The easiest way to grill corn is to do so with the husk still on. This will save you time from having to shuck and clean the corn before cooking and give a nice, smoky flavor while keeping the corn moist from steam inside the husk.
One common grill mistake beginners make is throwing very flammable things, like wooden skewers on the grill without soaking them. Corn husks fall in this same category. Before grilling, soak the husks in salt water for at least an hour to avoid flare-ups and to keep your corn from turning into ash.
Also be sure to preheat your grill before cooking. If you’re using a charcoal grill, prepare it for direct cooking. For gas grills, you can heat to medium-high temperature. Drain your corn from the water and place the husks on the grill. Make sure to occasionally turn the corn when cooking. Though it may be difficult to gauge when the corn is ready, just roast the corn until the husk is blackened and the corn is tender when squeezed. It should take about 30 minutes to fully cook. Voila! You’re done. It’s actually that easy!
Now that you know how to grill corn, you can move on to seasoning it. Some people enjoy simply coating their corn in butter or sprinkling some salt on it, but you can try to spice up the flavors with a red chile garlic butter to make this seasonal veggie extra special. Cook thinly-sliced onions in a pan until brown, add in crushed garlic and a few tablespoons of pomegranate molasses or balsamic vinegar.
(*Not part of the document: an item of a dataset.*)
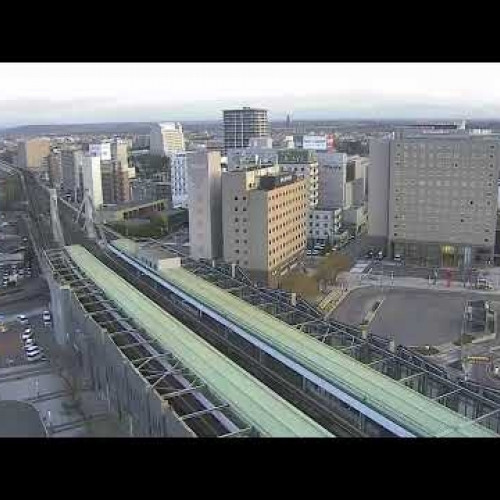 japan - obihiro: obihiro railway station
Put this onion mixture in a food processor with butter, paprika, cumin, salt and cayenne pepper. Once it’s done, slather this red chile butter on your corn and take in the spicy and smoky flavors. You can also use this butter to add some heat to everything else you need to cook on the grill this summer.
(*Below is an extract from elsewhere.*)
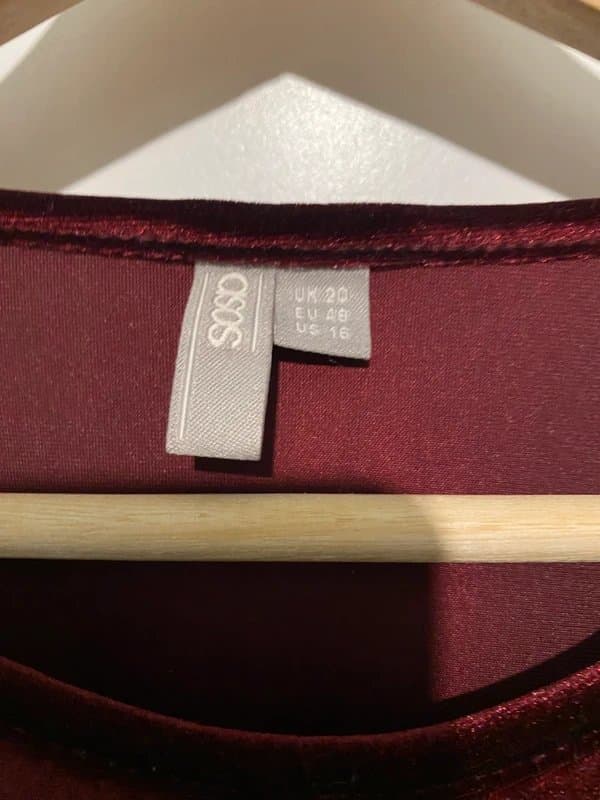 ASOS ASOS burgundy dress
Grilled Corn with Red Chile Garlic Butter
8 ears corn, in the husks
Step 1: Cover the corn with water in a large cooler or container. Set aside for at least 1 hour.
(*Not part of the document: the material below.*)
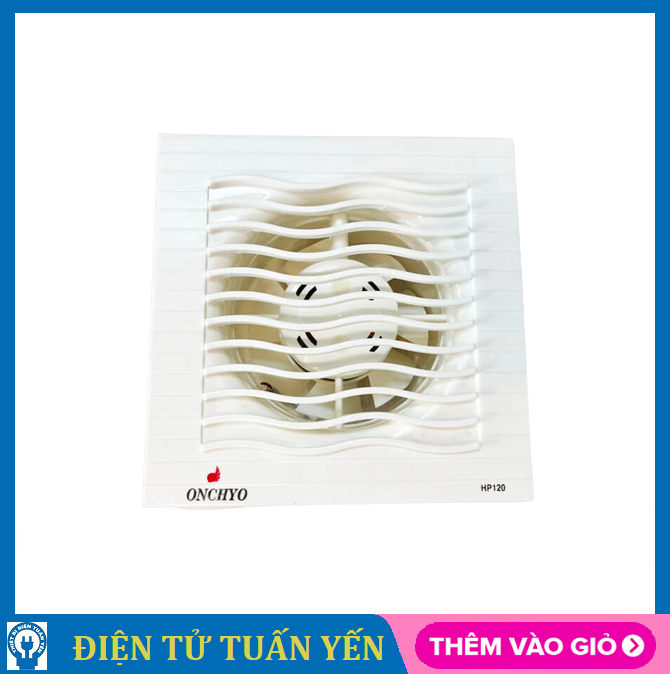 Quạt hút âm tường onkyo bf12 lhp10 hút 1 chiều, lỗ khoét 120mm - hàng chính hãng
Step 2: While the corn is soaking, make the red chile garlic butter.
Step 3: Prepare a charcoal grill for direct cooking, or heat a gas grill to medium-high. Drain the corn; place on the grill in a single layer.
Step 4: Grill, turning occasionally and adding coals as needed until the husks are blackened and the corn feels tender when squeezed, about 30 minutes. (Corn will stay hot for 30 minutes in an empty, covered cooler.)
Step 5: Shuck the corn; slather with red chile garlic butter and serve.